* Activity: Exact reproduction required: the lines below from the line with "Return This September" to the line with "Nuevo comercio exterior", both ends included, and no others.

::: Study material

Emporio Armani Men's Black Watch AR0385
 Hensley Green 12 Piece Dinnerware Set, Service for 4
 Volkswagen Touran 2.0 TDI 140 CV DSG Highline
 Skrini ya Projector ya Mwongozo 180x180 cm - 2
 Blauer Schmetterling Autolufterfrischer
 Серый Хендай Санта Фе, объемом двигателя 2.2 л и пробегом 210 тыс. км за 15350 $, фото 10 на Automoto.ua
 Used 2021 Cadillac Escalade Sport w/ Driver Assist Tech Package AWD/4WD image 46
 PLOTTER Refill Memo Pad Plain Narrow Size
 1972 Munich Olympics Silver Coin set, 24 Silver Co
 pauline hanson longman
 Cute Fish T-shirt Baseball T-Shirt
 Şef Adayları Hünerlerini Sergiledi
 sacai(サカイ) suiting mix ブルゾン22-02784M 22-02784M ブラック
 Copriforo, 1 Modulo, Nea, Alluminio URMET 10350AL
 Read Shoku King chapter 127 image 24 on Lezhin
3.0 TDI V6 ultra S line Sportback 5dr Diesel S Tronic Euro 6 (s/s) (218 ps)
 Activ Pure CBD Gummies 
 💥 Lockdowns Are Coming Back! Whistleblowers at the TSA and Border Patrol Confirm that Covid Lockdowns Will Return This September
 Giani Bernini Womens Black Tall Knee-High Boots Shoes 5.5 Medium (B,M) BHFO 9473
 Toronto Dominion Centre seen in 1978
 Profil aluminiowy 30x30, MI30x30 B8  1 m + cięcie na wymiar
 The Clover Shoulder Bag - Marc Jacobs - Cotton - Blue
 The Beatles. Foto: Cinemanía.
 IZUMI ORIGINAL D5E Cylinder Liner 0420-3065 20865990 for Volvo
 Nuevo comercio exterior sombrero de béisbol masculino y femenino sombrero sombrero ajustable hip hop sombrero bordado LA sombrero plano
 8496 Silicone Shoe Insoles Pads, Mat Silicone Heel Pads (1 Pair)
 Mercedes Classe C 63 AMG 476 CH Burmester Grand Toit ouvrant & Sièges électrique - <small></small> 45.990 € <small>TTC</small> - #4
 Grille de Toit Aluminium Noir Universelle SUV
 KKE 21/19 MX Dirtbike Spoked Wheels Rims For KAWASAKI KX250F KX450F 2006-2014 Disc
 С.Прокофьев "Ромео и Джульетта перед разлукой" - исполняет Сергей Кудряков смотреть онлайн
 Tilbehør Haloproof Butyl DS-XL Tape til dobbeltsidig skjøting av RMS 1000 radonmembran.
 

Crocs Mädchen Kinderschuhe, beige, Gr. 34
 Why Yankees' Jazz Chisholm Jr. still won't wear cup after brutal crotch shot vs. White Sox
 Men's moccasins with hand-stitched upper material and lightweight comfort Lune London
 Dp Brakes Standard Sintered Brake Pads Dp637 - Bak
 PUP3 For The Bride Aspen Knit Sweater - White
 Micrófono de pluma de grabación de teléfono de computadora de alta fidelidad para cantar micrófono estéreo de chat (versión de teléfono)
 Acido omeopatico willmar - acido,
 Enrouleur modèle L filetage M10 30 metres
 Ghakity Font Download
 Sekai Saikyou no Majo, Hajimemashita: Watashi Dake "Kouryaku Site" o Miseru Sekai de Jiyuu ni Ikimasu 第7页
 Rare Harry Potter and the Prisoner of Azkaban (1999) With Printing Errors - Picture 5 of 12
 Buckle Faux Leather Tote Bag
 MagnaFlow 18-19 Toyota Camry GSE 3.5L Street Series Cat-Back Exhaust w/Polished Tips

::::::

* Task response:
 💥 Lockdowns Are Coming Back! Whistleblowers at the TSA and Border Patrol Confirm that Covid Lockdowns Will Return This September
 Giani Bernini Womens Black Tall Knee-High Boots Shoes 5.5 Medium (B,M) BHFO 9473
 Toronto Dominion Centre seen in 1978
 Profil aluminiowy 30x30, MI30x30 B8  1 m + cięcie na wymiar
 The Clover Shoulder Bag - Marc Jacobs - Cotton - Blue
 The Beatles. Foto: Cinemanía.
 IZUMI ORIGINAL D5E Cylinder Liner 0420-3065 20865990 for Volvo
 Nuevo comercio exterior sombrero de béisbol masculino y femenino sombrero sombrero ajustable hip hop sombrero bordado LA sombrero plano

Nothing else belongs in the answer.